Recovery on the Horizon for Boating Industry
Leading up to one of the biggest boat shows of the year — the 2010 Miami International Boat Show — new boat sales appear to be up significantly from last year, with some dealers saying they've sold twice as many boats as they did at the early 2009 shows.
But while it's encouraging to see that buyers of both high-end and entry-level boats are out early, the picture is still incomplete, and the industry has a long way to go before it recovers, experts said.
"Across the industry we believe we're finding the bottom, but we're likely not quite there yet," said Dusty McCoy, CEO of the largest manufacturer of recreational boats, Brunswick .

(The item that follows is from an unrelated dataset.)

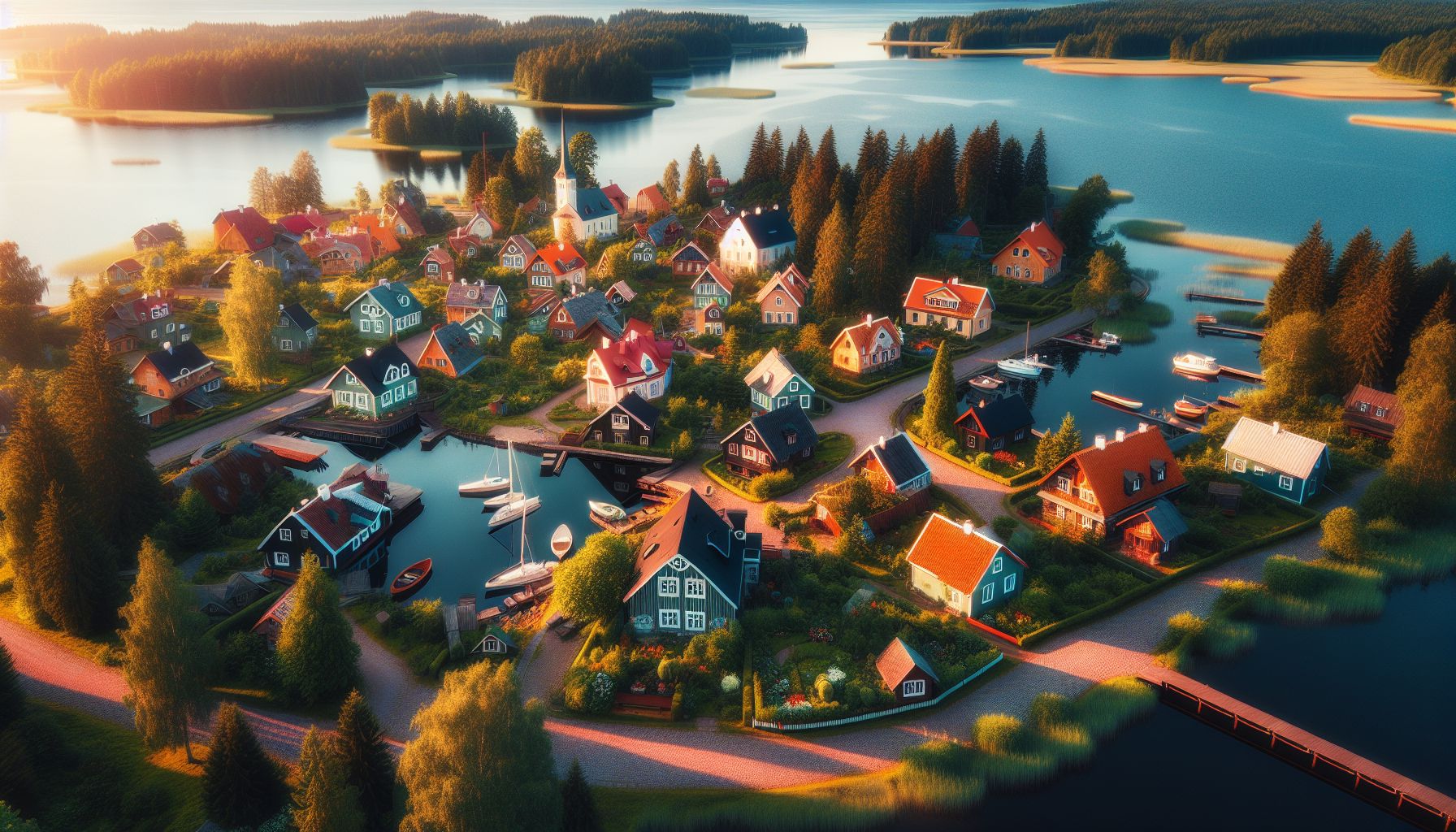 Võluv Naissaare küla Kakumäe lahe ääres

With experts calling for retail sales to remain flat or drop 10 percent in 2010, boat shows — which account for 65 percent of the industry's sales when including transactions completed as a result of the events — are especially important.

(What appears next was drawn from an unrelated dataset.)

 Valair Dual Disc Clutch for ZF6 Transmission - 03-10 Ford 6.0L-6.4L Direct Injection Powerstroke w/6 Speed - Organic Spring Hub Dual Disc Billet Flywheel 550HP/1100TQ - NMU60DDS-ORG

As such, the discretionary boating sector is the latest to try to revive its sales by convincing potential customers, struggling with a high unemployment rate and tighter bank lending conditions, of its affordability.

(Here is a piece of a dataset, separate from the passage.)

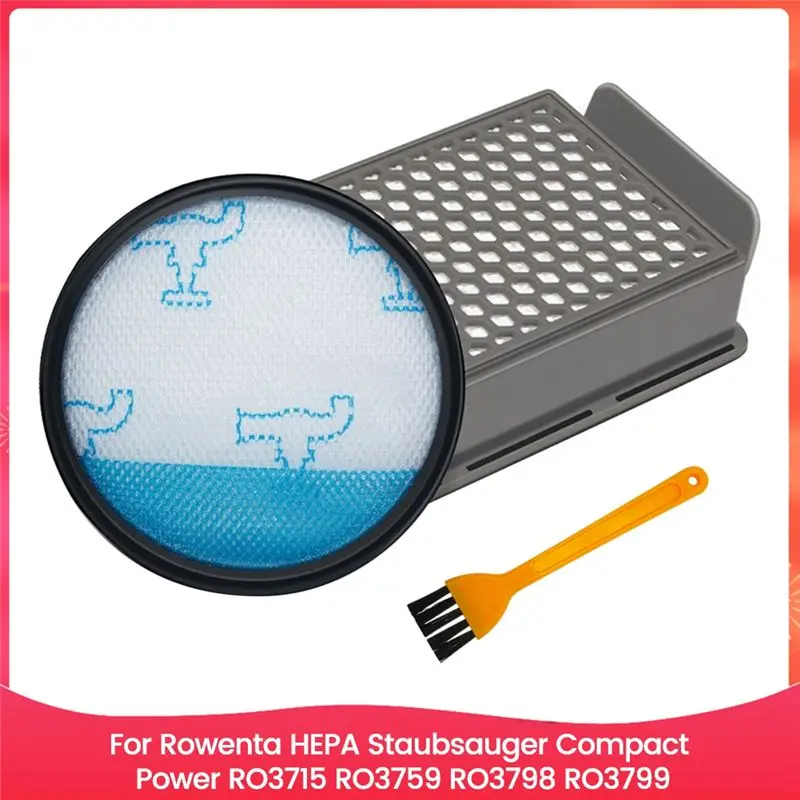Комплект фильтров AA81-For Rowenta HEPA для пылесосов Compact Power RO3715, RO3759, RO3798, RO3799, набор запчастей для пылесоса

"The truth is that we always say, 'Now is the best time to buy a boat,' but this time it's really true," said Thom Dammrich, president of the National Marine Manufacturers Association (NMMA) trade group.
A build-up in inventory, caused by a 50 percent decline in new boat sales from the industry's peak, means that for the first time in its 69-year history, the Miami event will allow retailers to display boats other than current-year models. This will provide consumers with more discounts, said Cathy Rick-Joule, show manager and vice president of Southern shows for NMMA.
For the second year, the show will feature about a dozen boats in its Affordability Pavilion, an area reserved for vessels including water ski, pontoon and fishing boats that can all be financed for $250 a month or less.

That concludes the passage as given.